The odds on Jordan's becoming an owner are growing shorter by the day. One sticking point will be Jordan's insistence that Shinn agree to remain deep in the background (i.e., at his Florida residence) and allow Jordan to be the primary decision maker.
This proposed marriage would leave everyone living happily ever after—except for Bob Johnson, the CEO and founder of Black Entertainment Television ( BET), who has been quietly putting together a possible bid for the Hornets. Johnson, who in recent weeks refused to comment on his company's interest in buying the team, broke his silence in an interview with SI last Thursday. "We have made a decision to bid aggressively for the Charlotte Hornets, given the chance," Johnson said. "If Mr.

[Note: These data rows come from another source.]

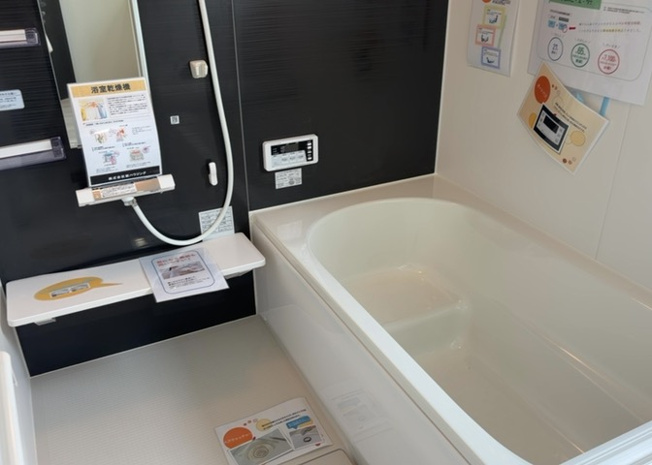 【浴室】 | 入浴時の快適さも大事なことですが、綺麗な状態を維持できなければ気持ちよく入浴できません。毎日の掃除が楽という点は大事なポイントになります！カビが生えにくく掃除がしやすい、壁や浴槽を選ぶといいでしょう。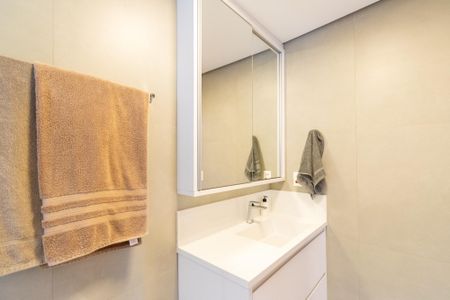 Casa à venda com 175m², 3 quartos e 2 vagasBanheiro da Suíte 2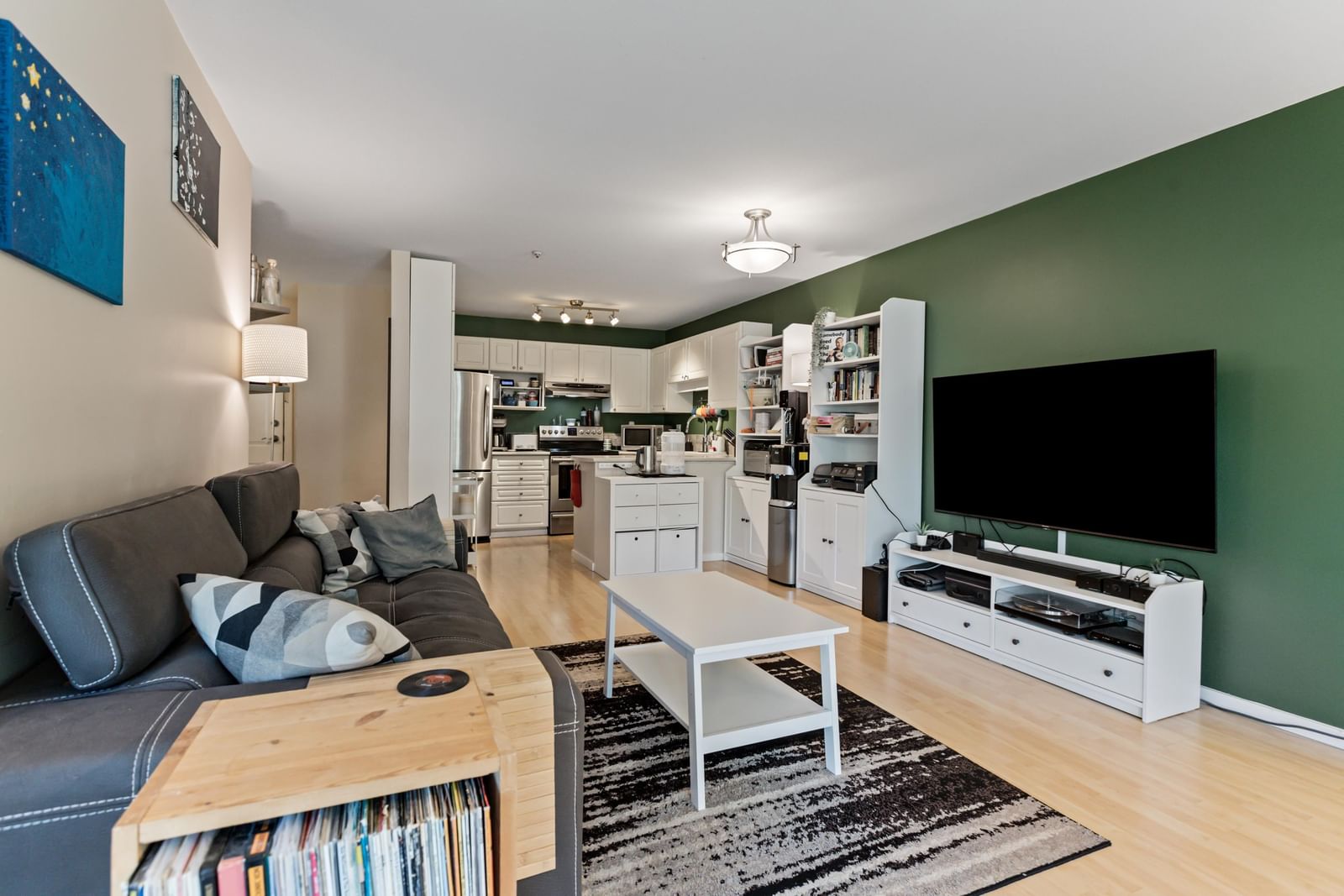 Listing Image 14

Shinn announces he's holding an auction and everyone should show up with their money, we'll be there in the front row.
"But if it's going to be a no-bid business, controlled by a network of insiders like David Falk and Michael Jordan, then we won't have much of a chance, and that's disappointing."
Stern's motives in encouraging the Shinn-Jordan partnership are self-evident. The NBA has not been pleased with Shinn's recent legal troubles and the bad publicity they have generated, nor have league officials been encouraged by the feeling among prominent Charlotte businessmen that a new arena could be built only if Shinn is out of the picture.
Johnson can only speculate on why Stem hasn't offered him the same helping hand he has offered Jordan. Two years ago BET televised games of the now defunct ABL—the direct competitor of the WNBA—but Johnson has another theory about why his company is getting no favors. "I've been told by other parties that commissioner Stern does not want BET involved in the NBA because one of our original investors and partners is John Malone," Johnson says.
Malone is a cable television maverick who is chairman of Tele-Communications Inc. In a partnership with News Corporation chairman Rupert Murdoch, he runs Fox Sports Net/Liberty Media, which has systematically bought the local rights to 26 NBA teams. League observers say that Fox/Liberty has irked NBA officials by giving the impression that, like NBC and Turner Sports, which have paid the league exorbitant fees for national broadcast rights, it is an official network of the NBA.
Reached last Friday, Stern said BET's connection to Malone would have "no bearing whatsoever" on its chances of landing a franchise, pointing out that Malone's network pays "enormous sums to our individual teams" for the right to broadcast games. "We have no problem at all with Mr. Malone," Stern said. "If anything, we're trying to increase the business we do with [him]. Let me make this clear: I would love for Bob Johnson to be an owner in the NBA."
What Stem left unsaid is that it will not happen in Charlotte. Sources close to the situation say that Shinn does not want to sell the team—he only wants a partner. At least six other groups besides Johnson's have contacted Shinn, but the sources say he has told them all he's not interested.
It appears, however, that Johnson is not prepared to take no for an answer. "We have the money to buy a team," said Johnson. "We have the brand name to promote it in the marketplace. Many of the young [ NBA] players enjoy BET and would most likely appreciate an association with it. We are a minority-owned company, and this is a league that says time and time again it would like to promote minority ownership. I find it a little strange there isn't a place for us."